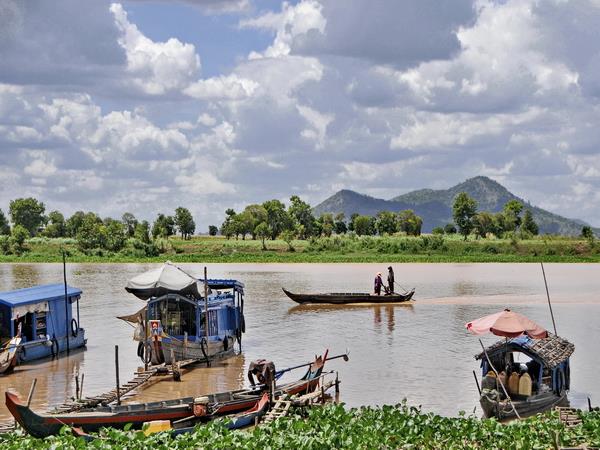 Indochina overland tour, Saigon to Angkor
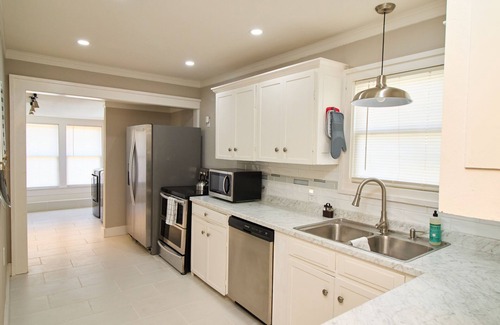 San Angelo House | ✔ Spacious & Modern + Pool Table + Great Location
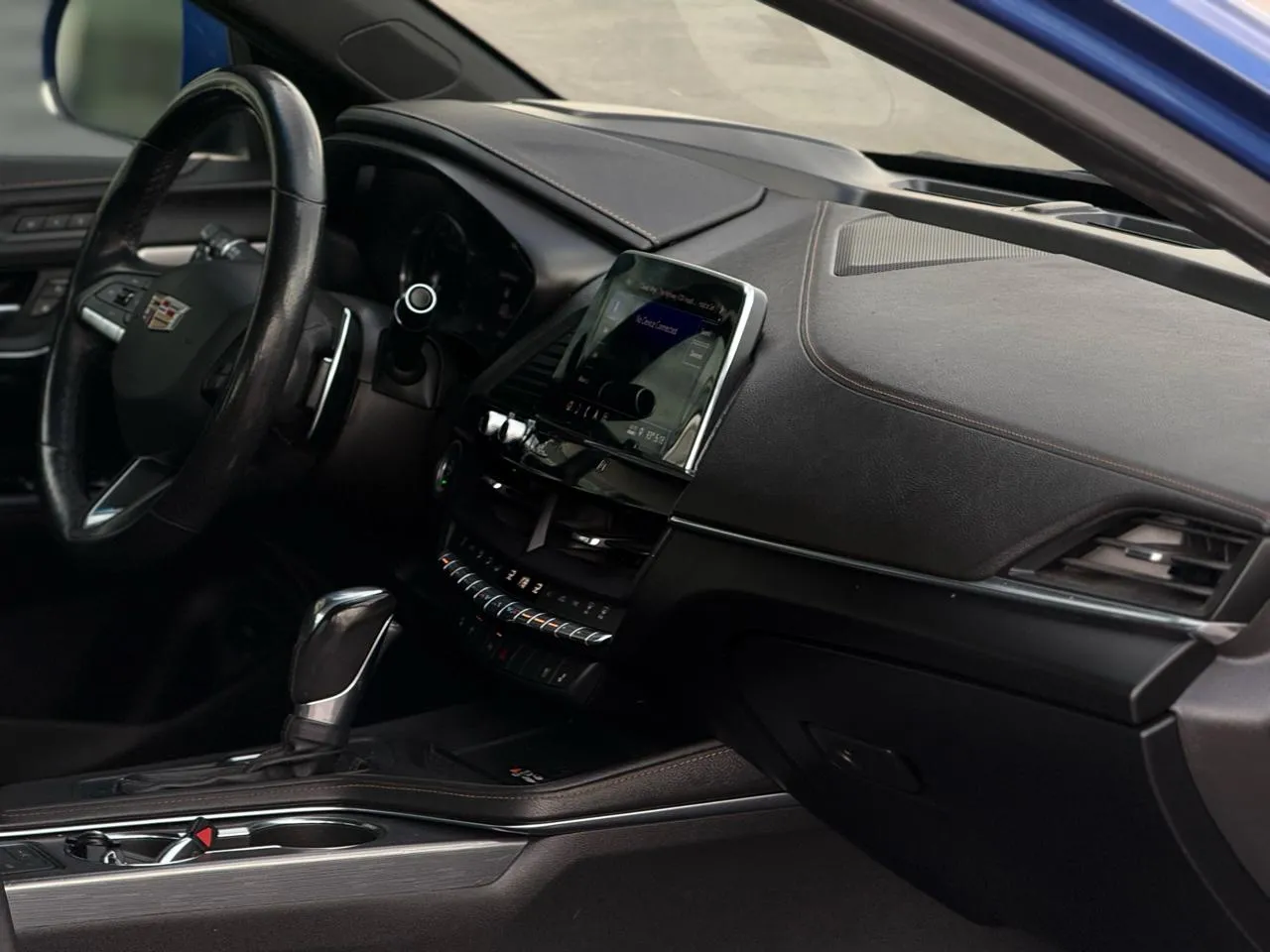 Cadillac CT4 photo 13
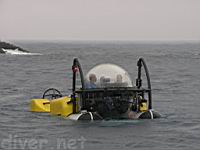 Avi & Orly Klapfer with pilot Nico Ghersinich return from the first dive of Deeo See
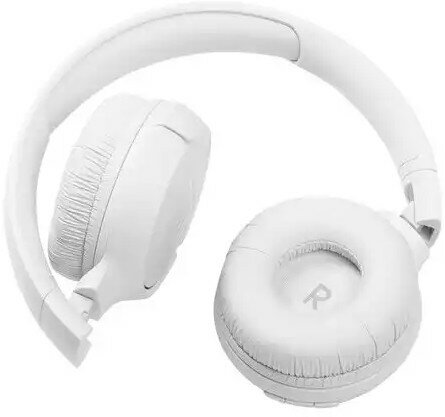 Białe, złożone słuchawki z literą 'R' na nauszniku.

• • •

§ **EXERCISE PROMPT**
Give back the entire listing verbatim, without the pictures.

§ **RESPONSE TO THIS EXERCISE**
 Indochina overland tour, Saigon to Angkor
 San Angelo House | ✔ Spacious & Modern + Pool Table + Great Location
 Cadillac CT4 photo 13
 Avi & Orly Klapfer with pilot Nico Ghersinich return from the first dive of Deeo See
 Białe, złożone słuchawki z literą 'R' na nauszniku.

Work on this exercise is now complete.